Gocéné, né à Canala en Nouvelle-Calédonie, fut une des cent onze personnes Canaques à être envoyées à Paris pour représenter « la culture ancestrale de l‘Océanie » lors de l’exposition coloniale de 1931. Bien sûr, ils n’y sont pas allés de leur plein gré, ils ont été désignés. « Il (l’adjoint du gouverneur Joseph Guyon) a commencé par nous appeler « mes amis », et tout le monde s’est méfié. Il a rendu hommage à nos pères, nos oncles qui étaient allés sauver la mère-patrie d’adoption, pendant la Grande Guerre, avant de nous annoncer que nous partirions dès le lendemain pour l’Europe. »
Ce séjour français ne fut pas une sinécure mais une honte. Sur le panneau devant leur enclos est écrit « Hommes anthropophages de Nouvelle-Calédonie».Gocéné et les autres doivent pousser des cris, danser les seins nus pour les femmes, manger de la viande crue, pour bien attester du « bon sauvage ». Est-ce là leur culture ? Certains seront mêmes échangés, à un zoo allemand, contre des crocodiles vivants . « En échange je leur ai promis de leur prêter une trentaine de Canaques. Ils nous les rendront en septembre, à la fin de leur tournée. » ; c’est dire la considération que nous avions des habitants de nos colonies. Le maréchal Lyautey, dans son discours, lors de l’inauguration de l’exposition coloniale a dit : « une leçon d’union entre les races qu’il ne convient pas de hiérarchiser en races supérieures ou inférieures, mais de regarder comme différentes » !

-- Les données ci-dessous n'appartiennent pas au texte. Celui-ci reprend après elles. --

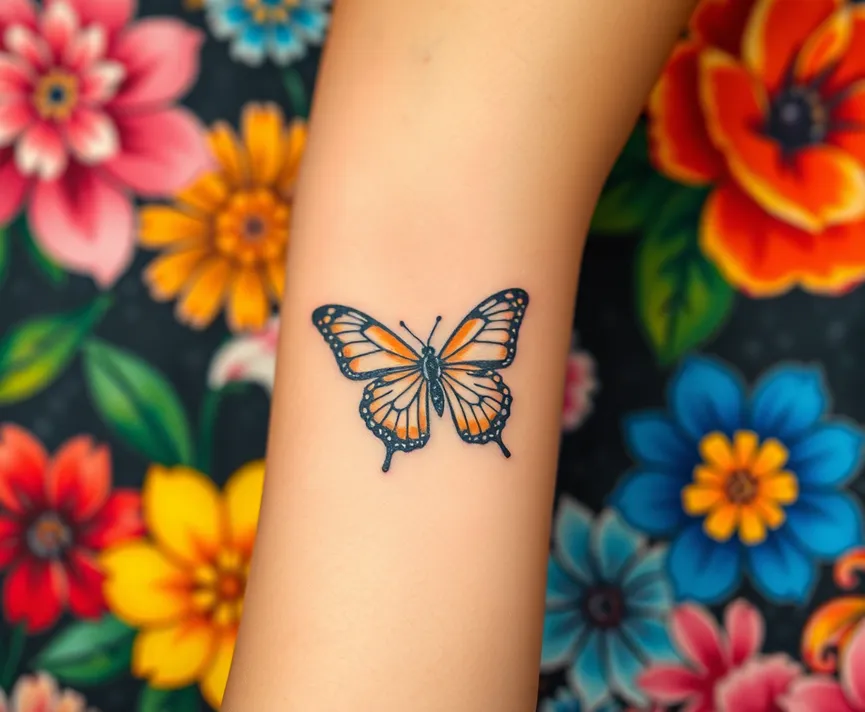 wrist small butterfly tattoo 0082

Gocéné a promis de veiller sur la sécurité de Minoé, sa promise qui fait parti du lot prêté. Gocéné et son cousin Badimoin décident de pister le bus et les voici dans Paris à la recherche de la promise. Cela se termine par la mort, d’une balle tirée dans le dos, pour Badimoin et la prison pour Gocéné. Une seule personne blanche a pris leur parti, Caroz, ce qui lui a valu de l’emprisonnement. Beaucoup plus tard, ils se sont retrouvés et Caroz est venu en Nouvelle-Calédonie. Gocéné fera avec les indépendantistes ce que Caroz a fait avec lui.

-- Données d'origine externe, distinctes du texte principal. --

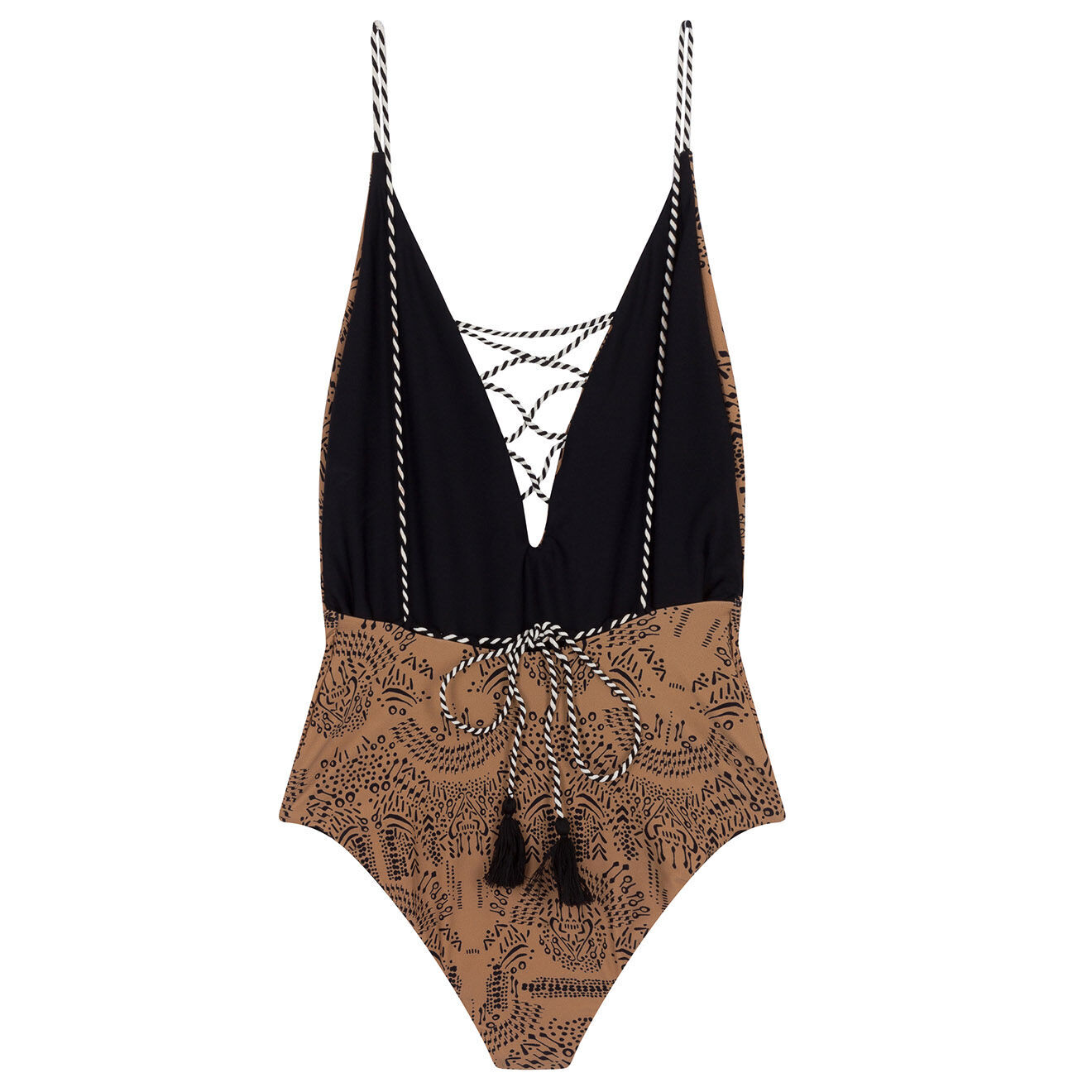 Wild Maillot de bain 1 pièce Zambie moka/noir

En parallèle, l’auteur parle des évènements en cours en Nouvelle-Calédonie et qui ont conduit à la signature des accords de Nouméa en 1998.
Ce récit, inspiré d’un fait authentique, pose plusieurs questions. Un homme peut-il accepter d’être montré comme un cannibale, exposé comme un animal dans un zoo ? Un homme est-il un homme lorsqu’il est considéré comme un sous-homme de par sa couleur, son lieu de naissance ?
Un regard sur notre passé colonialiste et paternaliste qui, malheureusement n’a pas beaucoup changé. Si ce ne sont plus les autorités de l’État qui, théoriquement, considèrent les autochtones comme des cannibales ou des sous-hommes, ce sont les multinationales qui cannibalisent leurs terres pour leur seul profit et considèrent les « colonisés » comme autant de main-d’œuvre à très bon marché et que piller leurs richesses n’a aucune importance. Tout le relent xénophobe et raciste qui revient au galop montre que les choses n’évoluent pas dans le bons sens, loin s’en faut.
Un livre, paru en 1998, qu’il faut lire.